據說是為了虛擬直播演出,當然,新谷詩音幫她制作的這一款虛擬套皮偶像也算是十分精細了,所以這些細節都會體現的很好。
也就不會浪費太田姬小姐難得的熱情。
她還記得自己上一次這么激動,大概要到江戶時代在皇帝的跪拜下祈雨那時了,太田神社祈雨已經快成了東京都的一項歷史了。
當然,現在用處就不大了。
這也是太田京香很羨慕嫉妒隔壁專門管理戀愛的神明的原因之一,為什么她的神社在這個時代香火能夠如此旺盛?
一行人從地鐵站走出來,天空中的秋日明媚而又燦爛,把周圍冷冽的風都烘烤的有些溫暖。
秋天是這樣的,如果不下雨,那么有太陽的地方就會多些溫暖,與隱蔽處的寒冷差了很多。
忽然間,安道遠感覺周圍起風了。
那是屬于蝴蝶振動翅膀帶起的微風。
屬于風信居的信風印記在這里閃動起了光芒。
十分微弱,卻能擁有著掀起風暴的力量。
“起風了啊。”
他忽然微笑了起來:“看來,我們的第一任務需要有所變化了。”
新谷詩音聽到安道遠說出的話,也就特地詢問了一句:“這陣風是什么意思?”
“你們還記得那一場關于沖進火場的小丑表演嗎?兇手在這附近。”
雪瞬間明白了,因為她對于風信居的信標也十分熟悉:
“那我們快點把他抓住吧,這個人可真煩,估計是又想搞破壞了,我可不想讓他破壞這一場購物的活動。”
她向飄帶還有太田京香解釋了一下這件事情。
“不急,現在東京都的對于特殊事務的反應機構應該已經建立起來了,如果說發生了這么多事情,東京都警署特事科方面還一無所知,那我只能思考守夜人立場到底在哪了。”
安道遠說著自己的分析,他對于這些事情,向來都是站在更高的維度來觀察。
守夜人如果沒有經過東京高層方面的允許,肯定也無法調動封鎖線,所以這些事情并不需要他來擔心。
“安君,你的意思是,讓我們來加速這個過程,順便保護一下降低一下周圍會產生的損失對吧。”
過了一會,安道遠從電話亭里走了出來。
風信居的手賬在靈界中仿佛紛飛的散開來,而后化為了無數的蝴蝶重疊成為了一條關于光芒的道路。
光之路指向了附近一棟大廈的樓頂。
雪仔細的凝望了遠處然后說道:“有個人潛行站在樓頂,看起來實力一般,手里還拿著一個遙控器,不過那個遙控器和電視機遙控器不太一樣。”
下一秒,周圍的大廈的燈陣光屏都被一個黑衣人的圖像給占據了。
“在這周圍,我埋了四十二顆炸彈,我們現在來玩一個游戲吧,如果你們能夠在二十分鐘內找到我的炸彈,那我就會送給你們一份禮物哦。”
他的聲音低沉中卻帶了一絲嬉笑,十分的違和。
“當然,你們也可以選擇在附近來尋找我,如果能找到我,當然,我說的是如果你們能找到我,哈哈哈。”
啪啪啪 畫面戛然而止,但黑衣人身后卻出現了幾聲掌聲。
“你這番即興演講說的不錯,還有什么想補充的嗎?”
站在他身后的就是安道遠。
而就在安道遠吸引他注意力的時候,黑衣人已經被一種無形的力量轟到了大廈的防風墻上。
雪從虛空中走出來,從他的手里拿走了這個遙控器。
帶了兩分炫耀的說道:
“安道遠,我這次可是控制了力量,最多也就打了個半死,不過這個遙控器比客廳那個要差好多啊。”

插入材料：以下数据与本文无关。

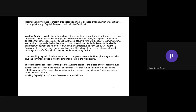Internal liability indicates the owner's fund — the capital contribution made by the owner. It is a kind of liability for the business according to the separate entity concept of accounting, which tells us that the owner and the business both have separate legal existence.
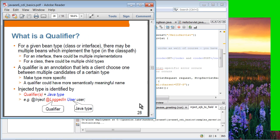Moving forward: qualifier. What is a qualifier? The reason we need a qualifier is because for a given bean type — as we've seen in the examples — there can be multiple implementations.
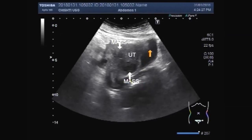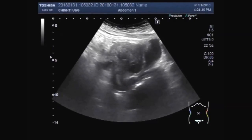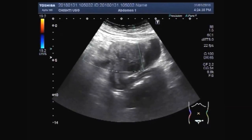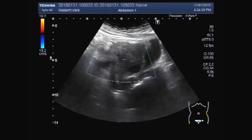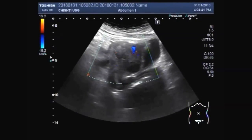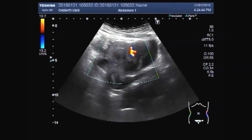This is the urinary bladder and cervix. Now you can see both the fibroids. A fair amount of blood supply is also seen.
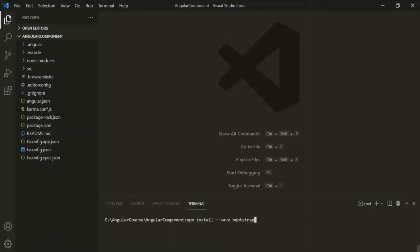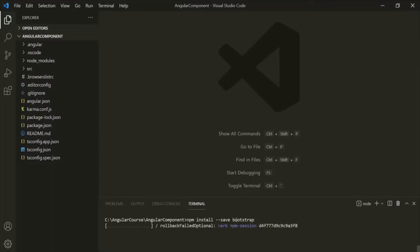If you want to install a specific version of Bootstrap, you can specify that by using the @ symbol and then the version number. For example, if you want to install version 3, after the @ you can specify 3. But here, let's install the latest version of Bootstrap. Let's press Enter and it should start installing Bootstrap for our Angular project.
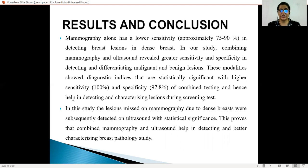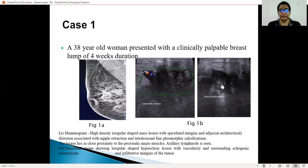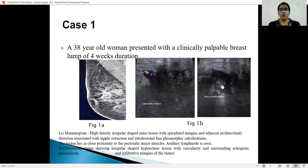In this study, lesions detected on mammography were subsequently confirmed on ultrasound with statistical significance. Combined mammography and ultrasound helps in detecting and better characterizing breast pathologies, including small lesions and premalignant conditions like atypical ductal hyperplasia. The most common type of cancer on histopathology was invasive ductal carcinoma. Case 1: a 38-year-old female with a clinically palpable breast lump for 4 weeks. The mammogram shows a high-density, irregular-shaped mass with spiculated margins, architectural distortion, nipple retraction, and fine pleomorphic calcifications. The lesion was in close proximity with the pectoral muscle, and axillary lymphadenopathy was noted. The ultrasound shows an irregular-shaped hypoechoic lesion with vascularity, surrounding echogenic parenchyma, and infiltrating margins.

黑衣人也就最多囂張了十秒鐘,然后現在就像死狗一樣躺在了地上。
當然,安道遠不會對他這種玩弄人性的人有什么好看法,也自然不會選擇去遵守他的游戲規則。
“游戲規則很有趣,現在我找到全部的炸彈了,那是不是應該吧獎勵給我,穿的像柯南里面的小黑人一樣的嫌疑人先生。”
安道遠行了一個西方標準的貴族禮儀,畢竟華夏的禮儀大多都是待客之道,眼前這位卻不在客人的席位之內。

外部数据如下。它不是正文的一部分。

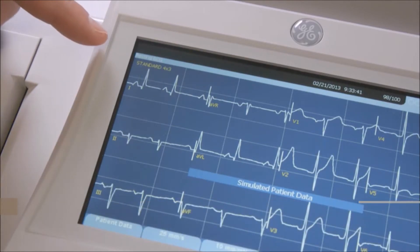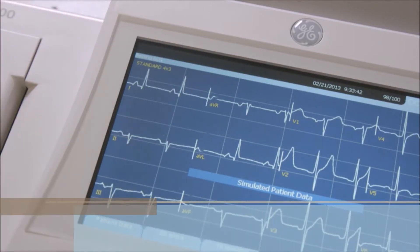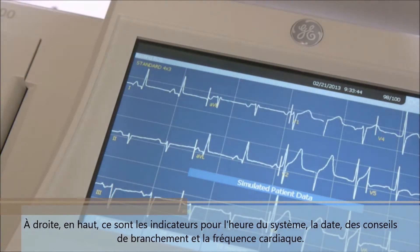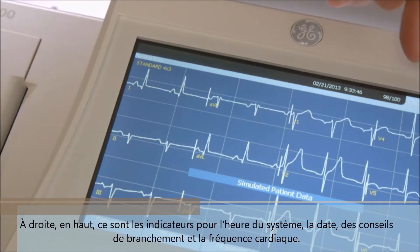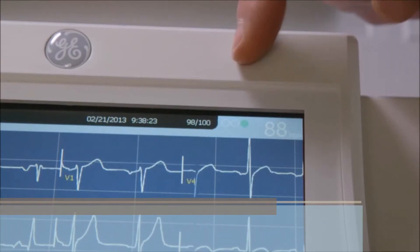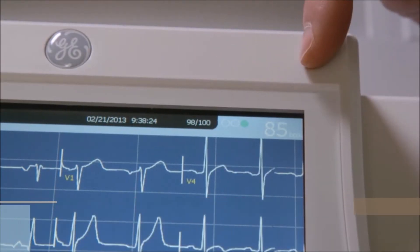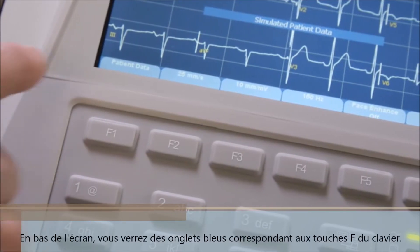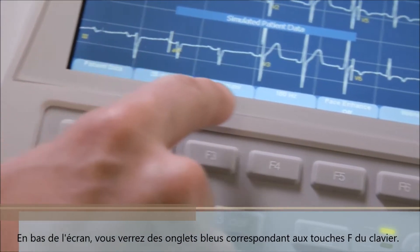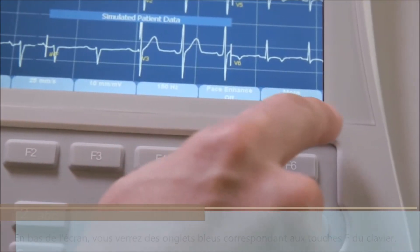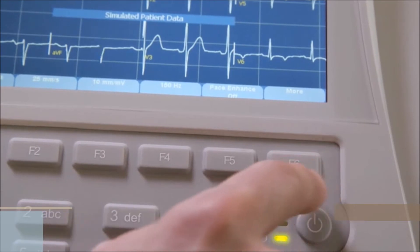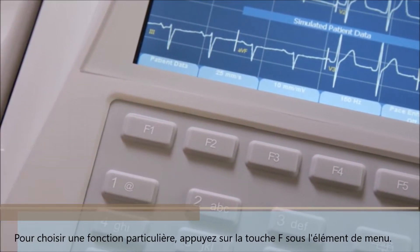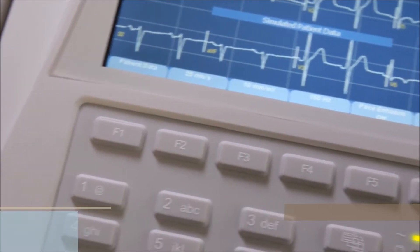The lead labels identify the corresponding waveform and its quality. Display format and operating mode are displayed in the upper left corner. To the right on top are indicators for system time, date, and hookup advisor and heart rate on the far right. Across the bottom of the screen, you will see blue tags that correspond to the F keys on the QWERTY keypad. To choose a particular function, press the F key beneath the menu item.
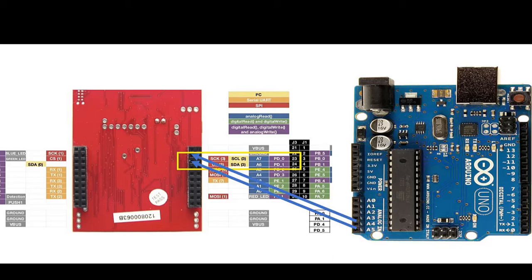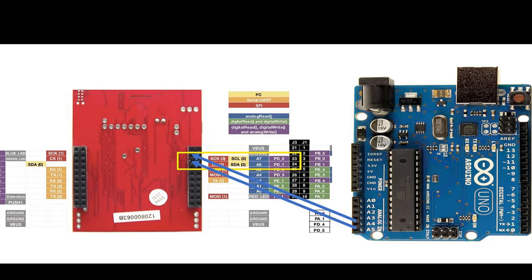This video is a demo of I2C communication between TM4C123G TVA launchpad and Arduino. For demonstration purpose, we will perform I2C communication between Arduino and TM4C123G TVA launchpad.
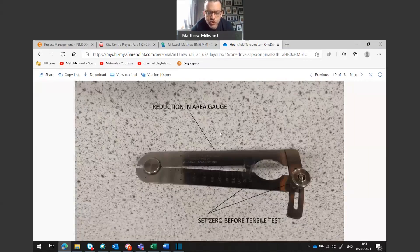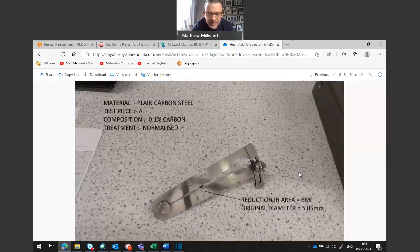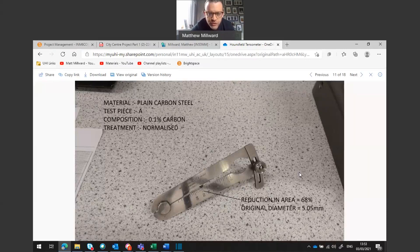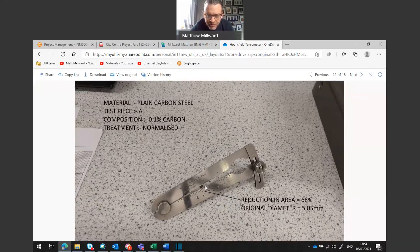Another measurement that has to be taken is the reduction in area gauge. The original sample size is put in and we set that clamp to zero, so the original sample size is set to zero using this clamp. As we stretch the sample, it's going to reduce in area near where the fracture point is. Test sample A has 0.1 percent carbon. When put back into the reduction in area gauge after the sample has been snapped, it is actually around about 68 percent of the original size — so the reduction in area is 68 percent. The original diameter was 5.05 millimeters and it's reduced by 68 percent.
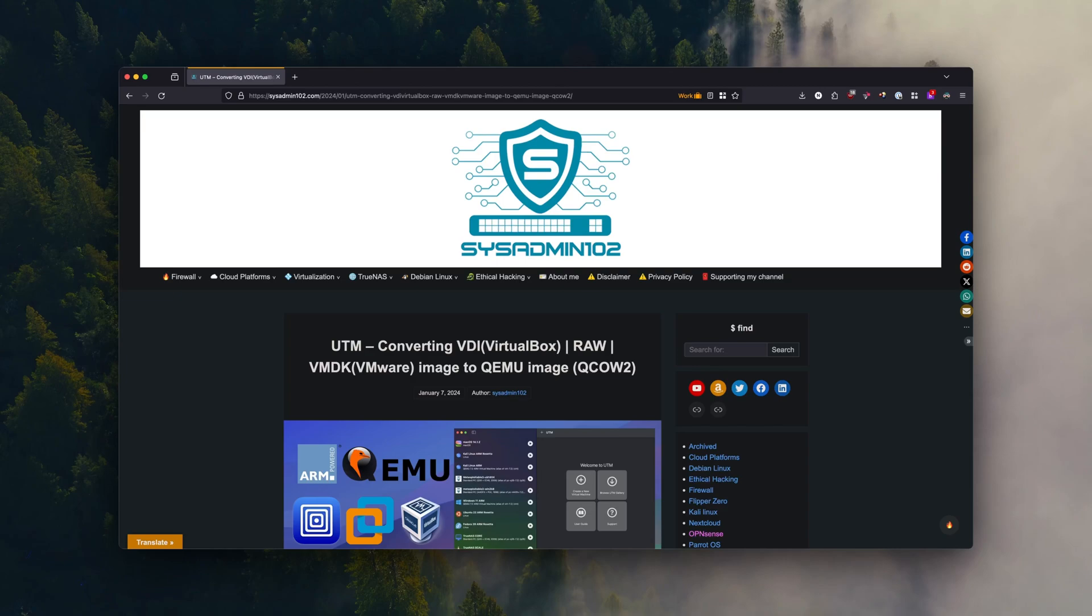Hello everyone, welcome back to another tutorial from sysadmin 102. In today's video I will show you how to convert the OVA or OVF image to a QEMU image, which is QCOW2 version 2.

“小黑人先生,你知道什么“自尊精神”嗎?這是尼采道破的,尼采可是我十分認可的天才,他在19世紀最后一年去世,好像預感到貴族將在20世紀滅亡。在《善惡之彼岸》和《道德的譜系》里,尼采對貴族精神進行了定義,認為貴族精神之中最基本、最重要的是“自尊精神”,也即對自由意志和個人尊嚴的充分肯定。”

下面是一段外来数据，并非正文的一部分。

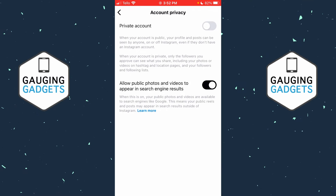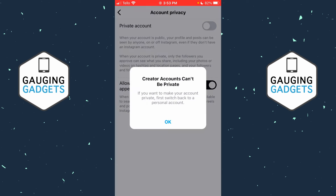How to make a professional account private on Instagram. In this tutorial, I'm going to show you how to fix an issue where you go to make your account private on Instagram, but it says creator accounts can't be private.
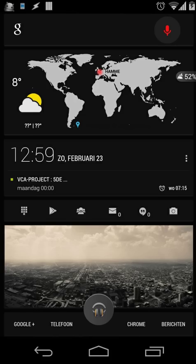Hello guys, today I'm going to explain how you can filter contacts from your address book on your phone. I have to say I'm a little bit sick today, so sometimes it might be difficult to understand me. I'm sorry for that.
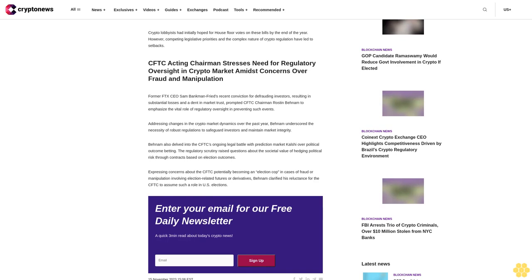Expressing concerns about the CFTC potentially becoming an election cop in cases of fraud or manipulation involving election-related futures or derivatives, Behnam clarified his reluctance for the CFTC to assume such a role in U.S. elections.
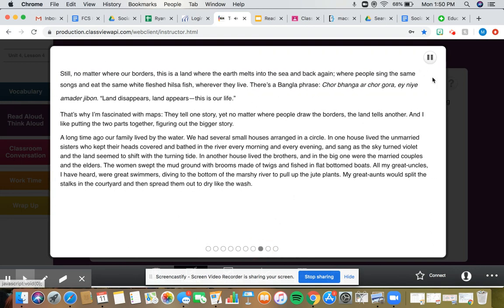Still, no matter where our borders, this is a land where the earth melts into the sea, and back again. Where people sing the same songs, and eat the same white-fleshed hilsa fish, wherever they live.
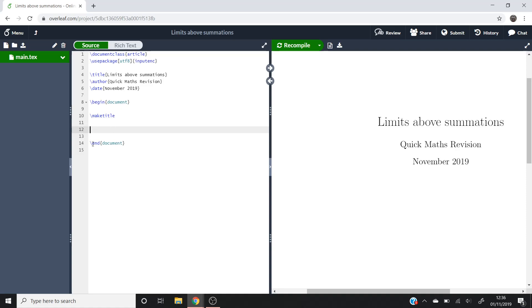Hello and welcome to Quick Math Revision where today we're going to be talking about how to position your limits above and below a summation.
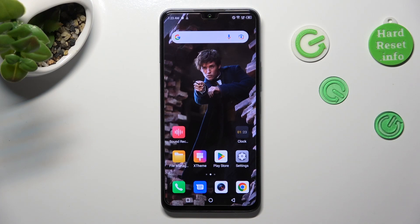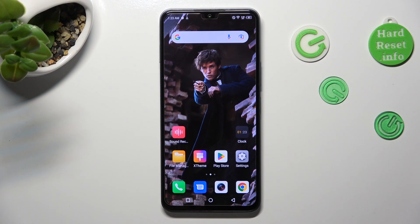Hi! In front of me is a Symfonex Note 12 2023, and today I would like to show you how you can select and delete multiple photos at once on this device.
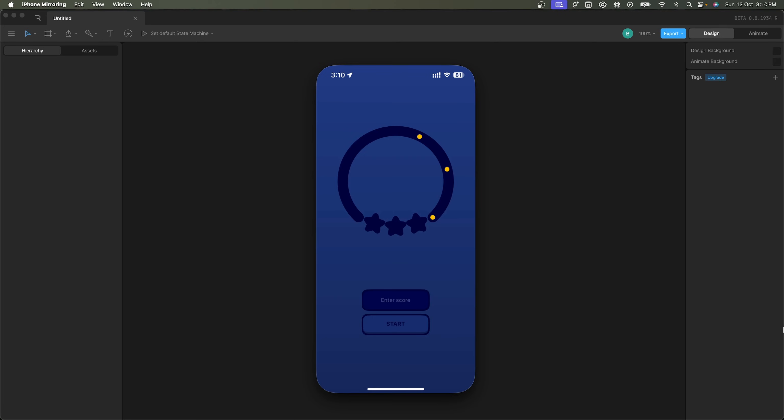Hey there my flow designers and careers, hope you're all doing well. Welcome to this introductory video on my Rive and Play tutorial series.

“所以說,我現在將你這位該被審判的人,也是相當的尊重了。”
小黑人想爬起來,但他卻站不起來,只能像個死狗一樣趴在地上用自己眼睛看著動作優雅的安道遠:“你....偷襲”
“和你這種恐怖分子也不需要講什么武德。”安道遠淡淡的陳述著事實。